I think your black and white buck is adorable. Is he long hair or just bushy?


----------



## AnnB (Jan 14, 2011)

Thank you all for those lovely comments. The black and white buck Humbug, appears to be short haired until you look closely. He just has a few long hairs. He and his brother were dumped outside a pet shop and were taken to the local RSPCA for rehoming. They'd obviously never been handled and it's a slow process, getting them used to me.


----------



## SephysManda (Dec 9, 2010)

They are so adorable


----------



## The Boggit keeper (Mar 5, 2010)

Aww, they're lovely!


----------



## racingmouse (Jan 12, 2011)

Gorgeous mice Ann. Love the whites.


----------



## NuttySian (Sep 1, 2010)

How adorable are they! :love1


----------



## cristowe (Feb 13, 2011)

What sweeties! i love the mice in the top picture.x


----------



## mira_uk (Jan 7, 2011)

Aww! Such cuties  
Very good posers you got there too!


----------



## zany_toon (Apr 3, 2010)

Beautiful pictures of some lovely mice Ann


----------



## PPVallhunds (Jul 26, 2010)

love the black and white boy, looks part hamster lol


----------



## moustress (Sep 25, 2009)

I like that shaggy black tan!


----------



## AnnB (Jan 14, 2011)

Thank you all.
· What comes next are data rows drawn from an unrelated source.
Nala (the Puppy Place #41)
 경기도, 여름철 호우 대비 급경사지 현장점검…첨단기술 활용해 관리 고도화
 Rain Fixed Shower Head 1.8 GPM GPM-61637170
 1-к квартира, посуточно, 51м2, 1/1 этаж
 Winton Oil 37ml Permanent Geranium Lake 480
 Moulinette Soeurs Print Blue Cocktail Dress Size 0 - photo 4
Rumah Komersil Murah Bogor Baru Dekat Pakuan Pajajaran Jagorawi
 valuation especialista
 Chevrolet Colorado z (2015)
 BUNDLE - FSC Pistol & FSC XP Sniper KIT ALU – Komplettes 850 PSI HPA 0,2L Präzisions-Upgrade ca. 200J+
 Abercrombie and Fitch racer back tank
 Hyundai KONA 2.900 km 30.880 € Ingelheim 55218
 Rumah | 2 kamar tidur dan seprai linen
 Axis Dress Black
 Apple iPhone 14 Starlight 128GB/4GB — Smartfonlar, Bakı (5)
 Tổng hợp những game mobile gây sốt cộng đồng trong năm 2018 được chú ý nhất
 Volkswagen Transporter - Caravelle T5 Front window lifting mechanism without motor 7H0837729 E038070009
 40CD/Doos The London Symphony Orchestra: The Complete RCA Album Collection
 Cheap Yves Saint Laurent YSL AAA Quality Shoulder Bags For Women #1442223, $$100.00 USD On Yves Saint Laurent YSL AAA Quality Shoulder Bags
Although I kept pet mice as a teenager I'd forgotten how much I loved them. More recently I developed an interest in wildlife photography. There are some obliging bank voles in my parents' garden and having photographed them a thousand times I then moved on to keeping a colony of harvest mice to photograph. I enjoyed keeping them so much that I decided to keep some pet mice as well and now I have a house full of mice!


----------